**Given information**
>>>>>
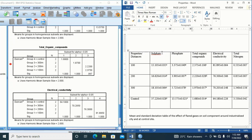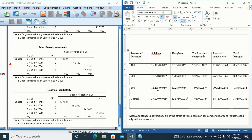Going down the groups, different alphabets represent significant differences. Going across the parameters, different alphabets also represent significant differences — for instance, sulfate 'a' and phosphate 'a' at 100m indicates no significant difference between them, but sulfate 'a' and total organic compound 'c' indicates significant difference. In our next video I will show cases where you can have combinations like ab, ac, bc as superscripts and what those imply. See you in the next video — thank you.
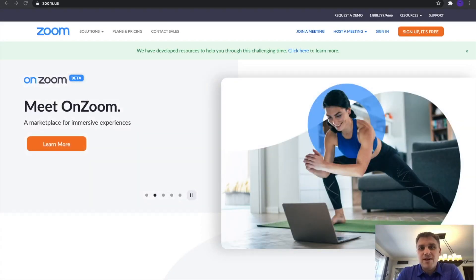Have you ever wrapped up a Zoom meeting and needed to know who was in attendance afterward or what time people joined or left? Today I'm going to show you how to do that.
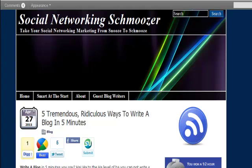Hi, this is Andy Nathan here with andynathan.net, your social networking schmoozer, and with me I have Thunes Suffertein. Say hello, Thunes. Hi there, everyone. It's great to talk to you, and it's great to talk to Andy, and you're going to enjoy what he's going to tell you about.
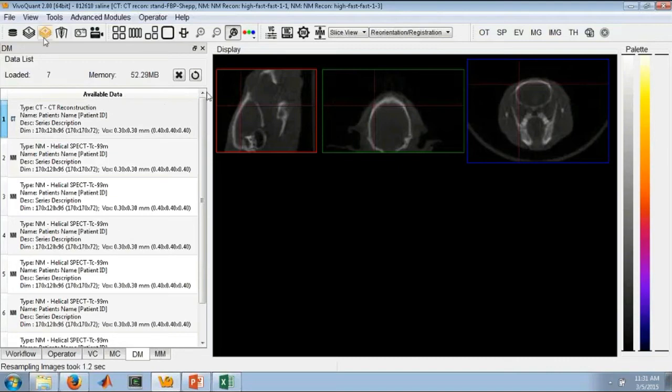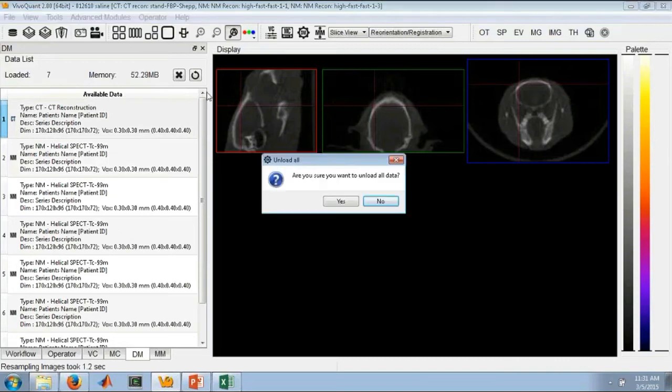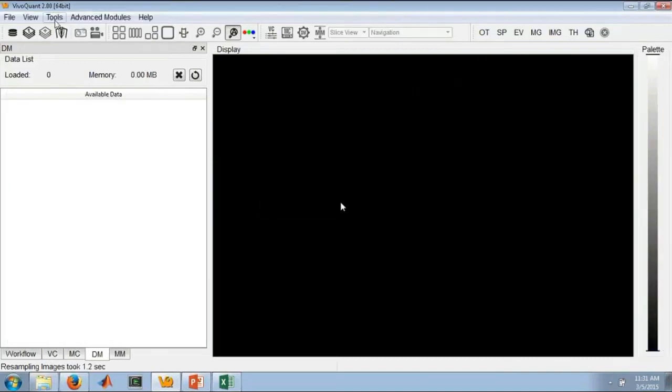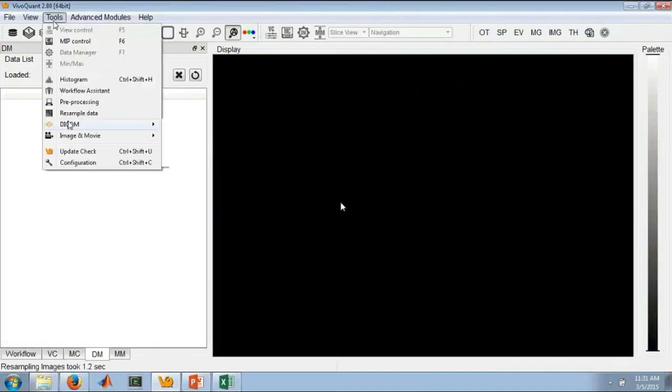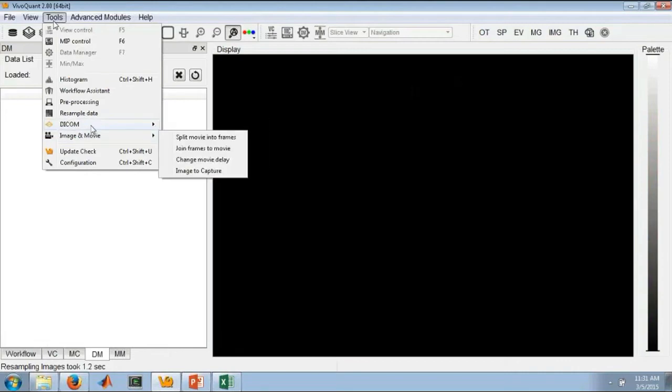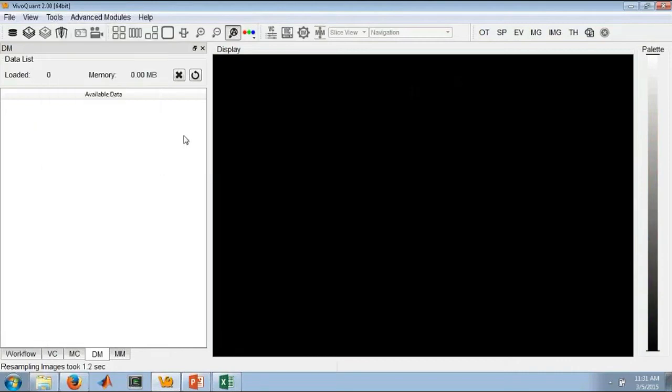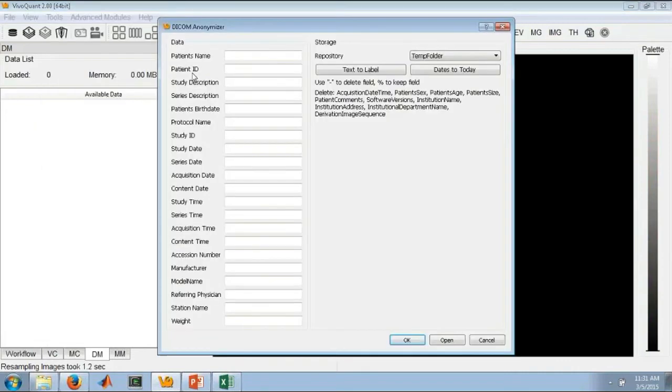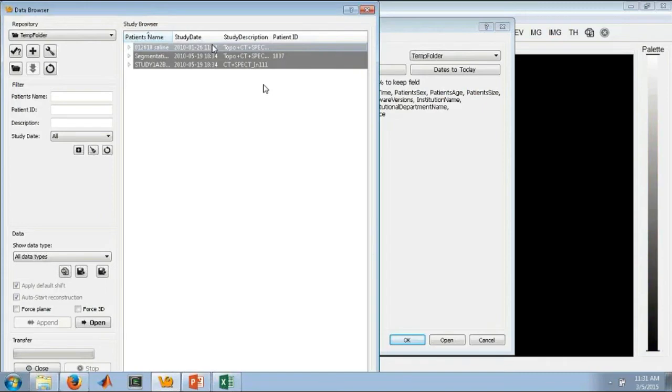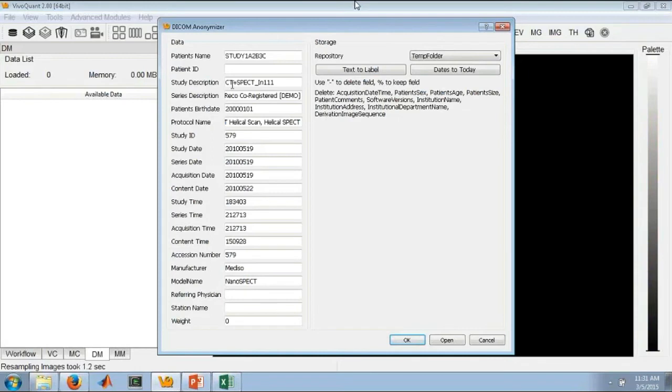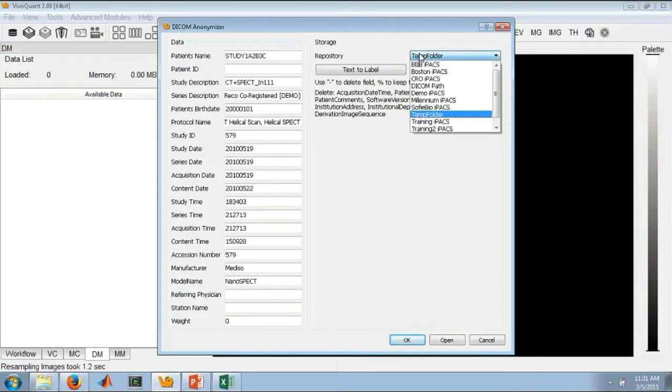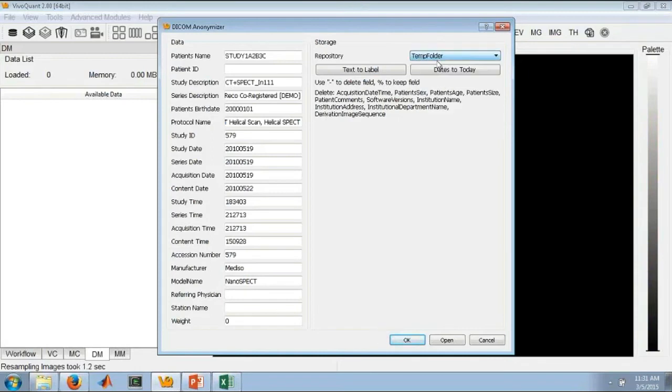We do, however, still support selecting the DICOM anonymizer and then loading data from an existing repository into the anonymizer. And then you can store it to an existing IPAC repository.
<<<<<
When you repeat the material above, keep every word exact and leave out the pictures.

Going down the groups, different alphabets represent significant differences. Going across the parameters, different alphabets also represent significant differences — for instance, sulfate 'a' and phosphate 'a' at 100m indicates no significant difference between them, but sulfate 'a' and total organic compound 'c' indicates significant difference. In our next video I will show cases where you can have combinations like ab, ac, bc as superscripts and what those imply. See you in the next video — thank you.
Have you ever wrapped up a Zoom meeting and needed to know who was in attendance afterward or what time people joined or left? Today I'm going to show you how to do that.
Hi, this is Andy Nathan here with andynathan.net, your social networking schmoozer, and with me I have Thunes Suffertein. Say hello, Thunes. Hi there, everyone. It's great to talk to you, and it's great to talk to Andy, and you're going to enjoy what he's going to tell you about.
We do, however, still support selecting the DICOM anonymizer and then loading data from an existing repository into the anonymizer. And then you can store it to an existing IPAC repository.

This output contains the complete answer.